POSSIBLE SOLUTION

The key to this solution is to place the final tetrahedron inside a
rectangular box (x by y by z) so that its vertices O, P, Q, and R are also vertices of the box and so that half-side lengths of the original triangle are the side lengths of the box. See the figure below. In particular, P, Q, and R are the midpoints of AB, BC, and AC respectively, and O is the coincidence of A, B, and C.

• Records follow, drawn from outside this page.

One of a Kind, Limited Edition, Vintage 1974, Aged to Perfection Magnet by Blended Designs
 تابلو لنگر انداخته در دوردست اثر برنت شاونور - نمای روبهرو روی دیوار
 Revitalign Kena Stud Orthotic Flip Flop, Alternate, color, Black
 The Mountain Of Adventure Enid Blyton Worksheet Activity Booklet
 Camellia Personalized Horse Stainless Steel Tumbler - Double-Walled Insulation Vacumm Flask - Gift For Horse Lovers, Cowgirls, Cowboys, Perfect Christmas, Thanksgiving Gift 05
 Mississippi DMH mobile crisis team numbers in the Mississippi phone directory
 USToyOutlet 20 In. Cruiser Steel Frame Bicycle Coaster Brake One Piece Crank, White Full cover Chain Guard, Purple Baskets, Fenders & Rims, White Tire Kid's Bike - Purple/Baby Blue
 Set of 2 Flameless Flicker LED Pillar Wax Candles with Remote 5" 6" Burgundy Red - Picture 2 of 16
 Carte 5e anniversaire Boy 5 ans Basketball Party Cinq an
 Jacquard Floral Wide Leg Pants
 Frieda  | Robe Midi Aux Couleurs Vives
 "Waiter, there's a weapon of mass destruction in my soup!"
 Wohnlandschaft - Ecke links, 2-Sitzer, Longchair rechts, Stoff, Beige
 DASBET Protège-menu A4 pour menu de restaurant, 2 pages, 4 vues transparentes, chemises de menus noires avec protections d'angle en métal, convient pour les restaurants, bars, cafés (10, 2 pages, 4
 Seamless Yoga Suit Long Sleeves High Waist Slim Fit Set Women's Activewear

The box is partitioned by the desired tetrahedron into five tetrahedra: the one we're interested in, and four other congruent ones each of which has base area xy/2 and height z, and hence volume (1/3)(xy/2) = (1/6)(x y z). This gives us the volume of OPQR as x y z - 4 (1/6)(x y z) = (1/3)(x y z). So, all we have to do is determine x, y, and z and we're done.

The side lengths x, y, and z are determined by the system
x^2 + y^2 = (21/2)^2
x^2 + z^2 = (10)^2
y^2 + z^2 = (11/2)^2
which yields x^2 = 90, y^2 = 81/4, and z^2 = 10 so that x = 3 sqrt(10), y = 9/2, and z = sqrt(10) so that the volume of the tetrahedron is (1/3) x y z = 45.